Much of that warming occurred in the north-central Pacific between Hawaii and Alaska, but the building El Niño near the equator also helped boost those numbers.
The CPC’s next outlook doesn’t arrive until May 11, but given this trend, it’s reasonable to expect that forecasters’ confidence will grow in El Niño’s arrival and influence over the coming summer.
What we might expect in Canada this summer
The sudden warmup of an El Niño event has tremendous effects on the atmosphere above, pushing and pulling on the jet stream in ways that can influence seasonal conditions from Asia to Atlantic Canada.
While an El Niño’s greatest effects are usually felt in winter, these warmer waters in the eastern Pacific can influence Canada’s overall summertime pattern.
Every event is different. Even so, meteorologists often look at past El Niño and La Niña years for clues about how upcoming seasons will progress.
Based on similar flip-flops that happened in 1997 and 2009, a fast dive into El Niño this summer could bring more comfortable conditions to much of the country.
This kind of setup might favour generally below-seasonal conditions east of the Rockies, with warmer conditions possible along the West Coast and in the territories up north.
It's not a lock, though. Other summers influenced by the warmth of an El Niño saw warmer conditions spread across the country. One such year was 2015, in which every major Canadian city notched at least one summer month with above-seasonal temperatures.
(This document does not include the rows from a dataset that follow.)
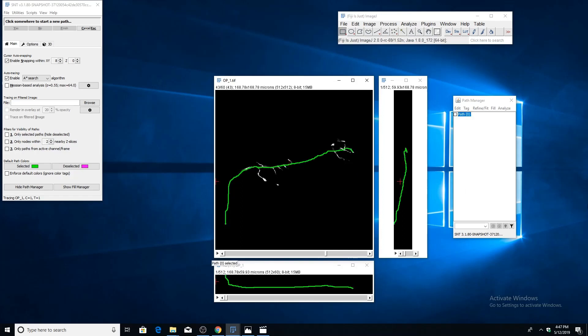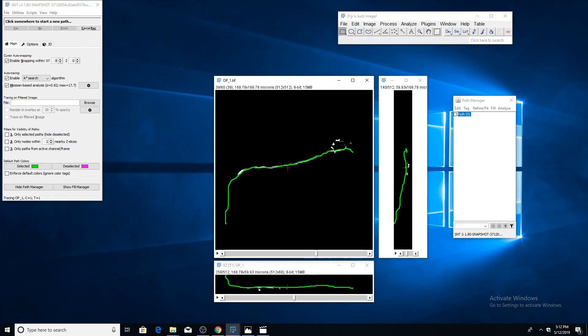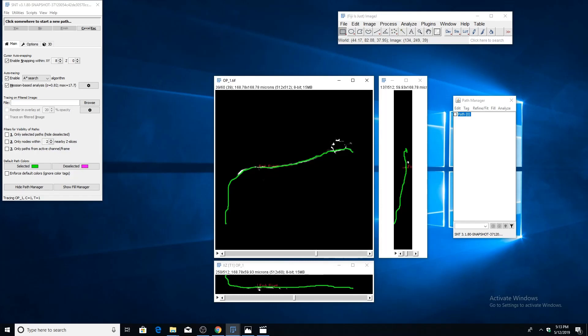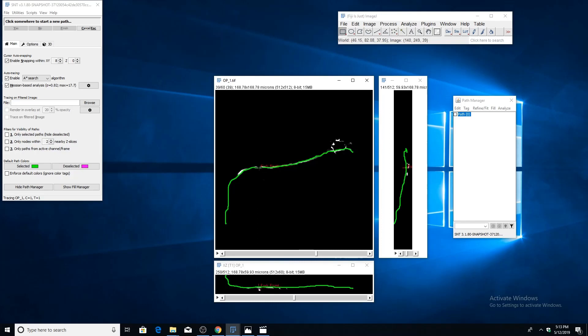Now that we've finished our primary path, we can go ahead and create a branch point. In order to create a branch, make sure the path that you want to branch off of is selected. Then just hold down the alt and shift keys at the same time. If you move your cursor along the path, you'll see that it snaps to the nearest node on the path and will let you create a fork point there. Find where you want to create your branch point and click. You'll see, like before, the blue node has been created.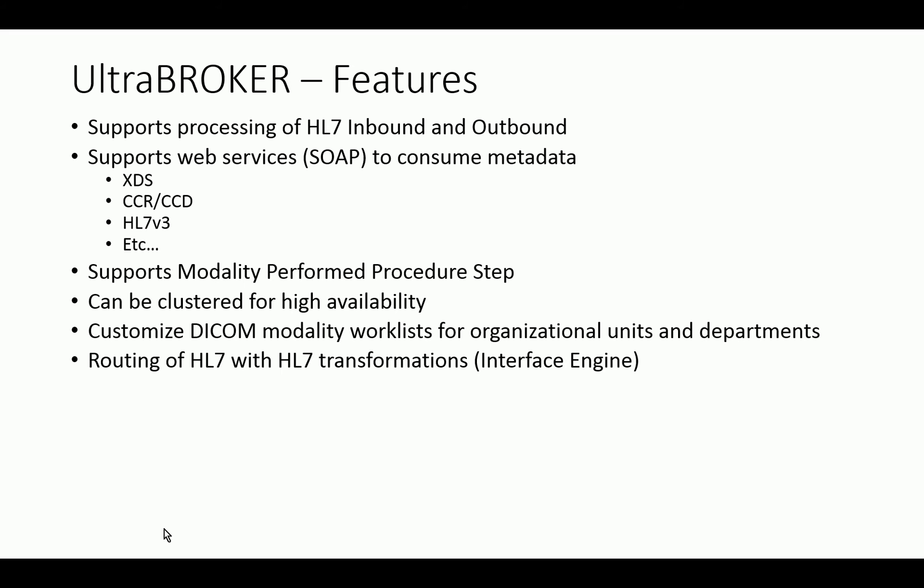Our product has baked into it a full HL7 interface engine, just like you would find on many of our competitors' HL7 interface engines that don't have Modality Worklist or where the Modality Worklist is not a core function of the product. With our product, Modality Worklist is a core function, interfacing with different standards outside of HL7 is a core piece of our functionality, and we also have a full interface engine which allows HL7 transformations, and we have a user interface that would let you do that.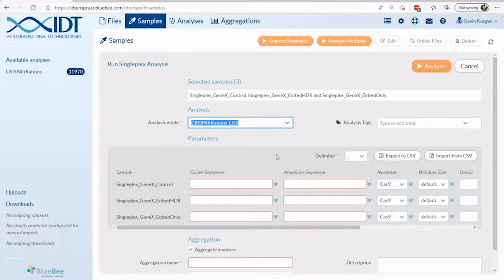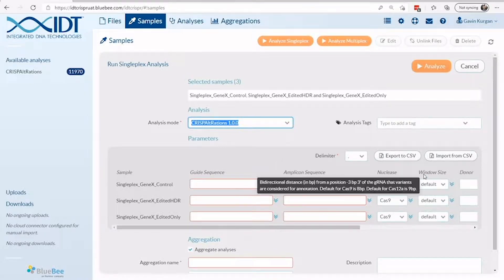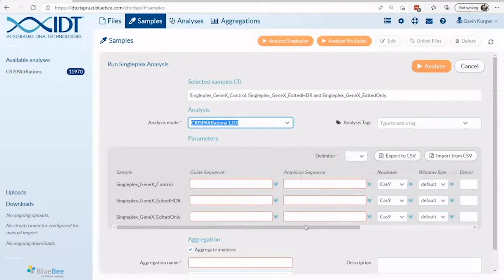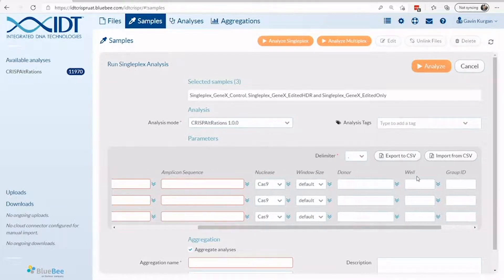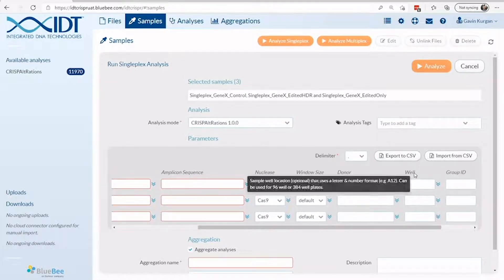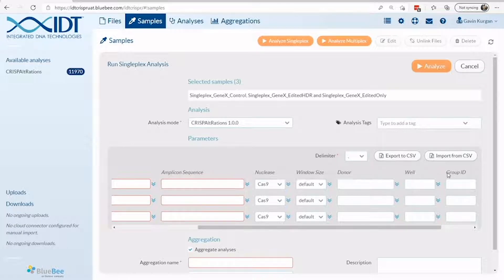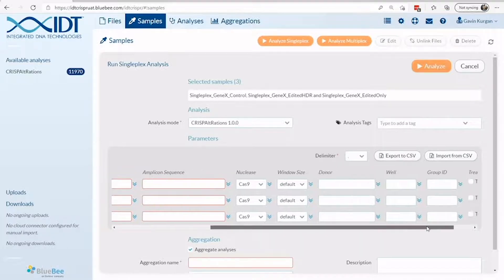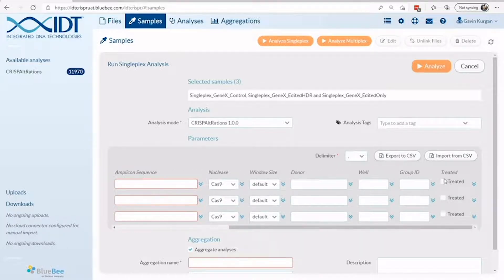Additional parameters can be configured on a run, including the CRISPR nuclease used, the window for interrogating variants, nucleotide sequences for HDR donors used, well position information, sample name information, and whether it was a treated or untreated sample.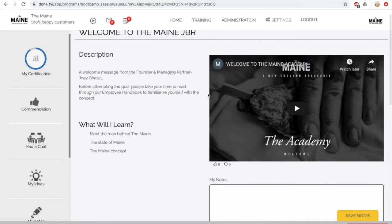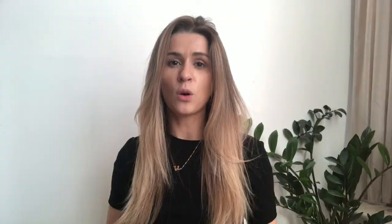Each session also has a part of the video, a quick description of what it's all about, a document attached, as well as a short quiz which each one of the employees will have to pass to get to the next lesson.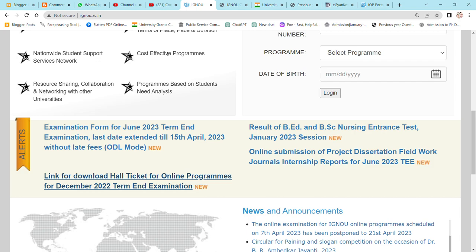Hey guys, welcome to Commerce Pathshala. So as you can see on the screen, this is IGNU's official website. So here we can talk about how you can download your call ticket.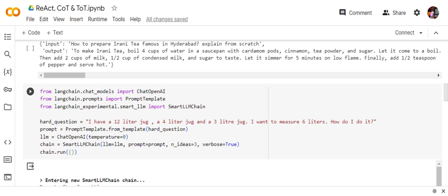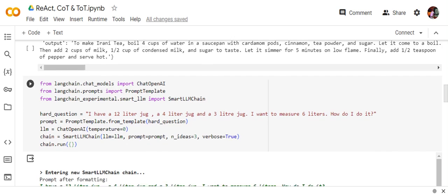We are using a prompt template here where we are forwarding this question, creating a ChatOpenAI LM object, and then using the Smart LM Chain. This will help you to have multiple ideas at the same time. The most important parameter here that we're passing is n_ideas: how many multiple ideas you wish to generate. Then we go for chain.run.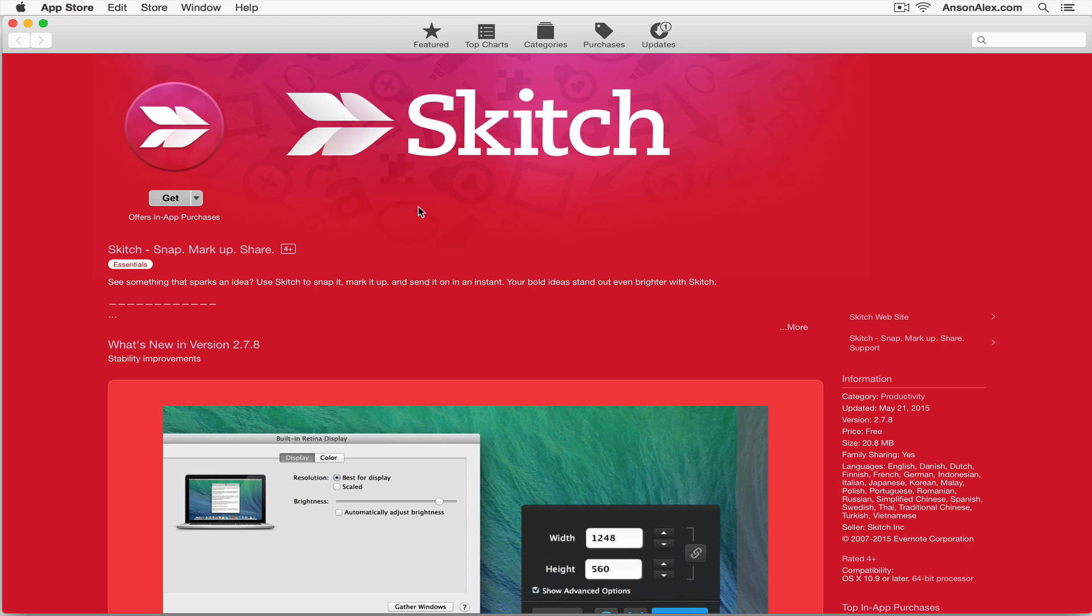Hi everyone, this is Anson from AnsonAlex.com and in this video I'm going to show you a great app called Skitch. It's owned by the people over at Evernote and it allows you to quickly mark up photos and screenshots so you can point out what's important in that photo.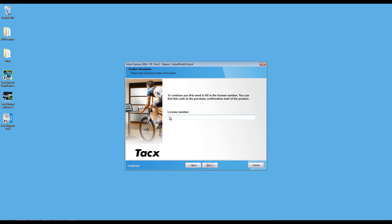When the license code is asked, copy paste the license from the email. Select next.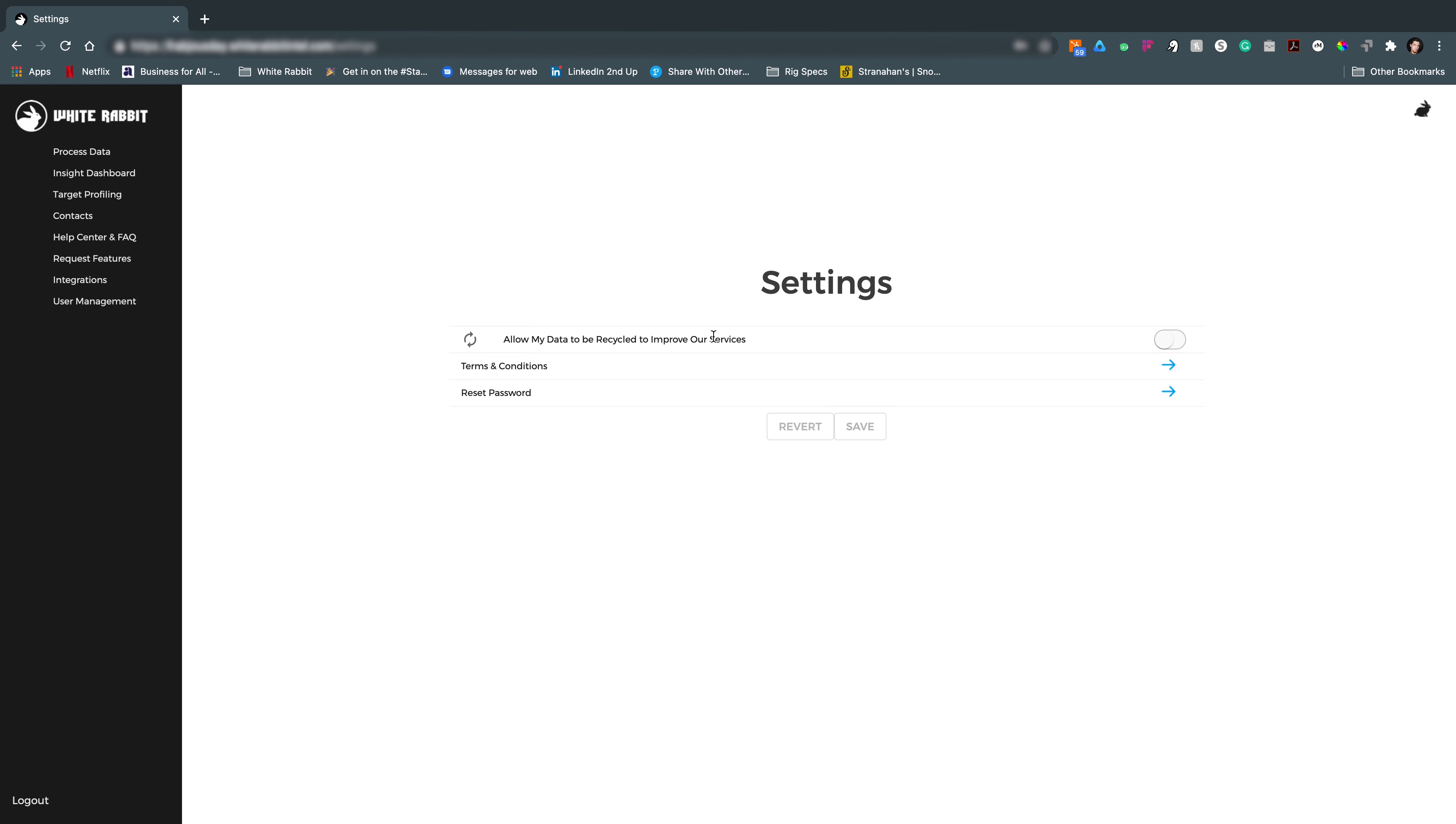First off, unless you opt in, we never store, save, or sell your data for any reason. We're actually the good guys when it comes to big data. If you do opt into this, that means you're letting us store your data.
But one of the Pacific’s biggest influences on Canada’s summers happens thousands of kilometres away in the neighbouring Atlantic Ocean.
El Niño can influence Atlantic hurricanes—but there’s a catch
The abundance of rising air over a warmer-than-normal Pacific flows east toward the Atlantic Ocean, leading to increased wind shear that can spell doom for any budding tropical cyclones.
Strong westerly winds flowing out of the Pacific can rip the tops off thunderstorms before they have a chance to organize, prematurely ending attempts for tropical waves to build into something more.
That’s not always the case, though, and forecasters are a bit concerned this year that warmer waters in the Atlantic might serve to cancel out any effect El Niño might have on the upcoming hurricane season.
Accordingly, the season’s first outlook from experts at Colorado State University called for only slightly below-average hurricane activity this year.
It’s important to remember that it only takes one storm making landfall to make even the quietest season a tragedy. After all, the 1992 hurricane season started exceptionally slow due to an El Niño that summer.
The first named tropical system in 1992 didn’t form until late August. That storm was Hurricane Andrew, which secured an infamous place in history when it hit southern Florida as a scale-topping hurricane.
Everyone along and near the eastern seaboard should prepare for hurricanes well in advance of the season regardless of the pre-season outlooks. It’s better to over-prepare than to get caught off-guard.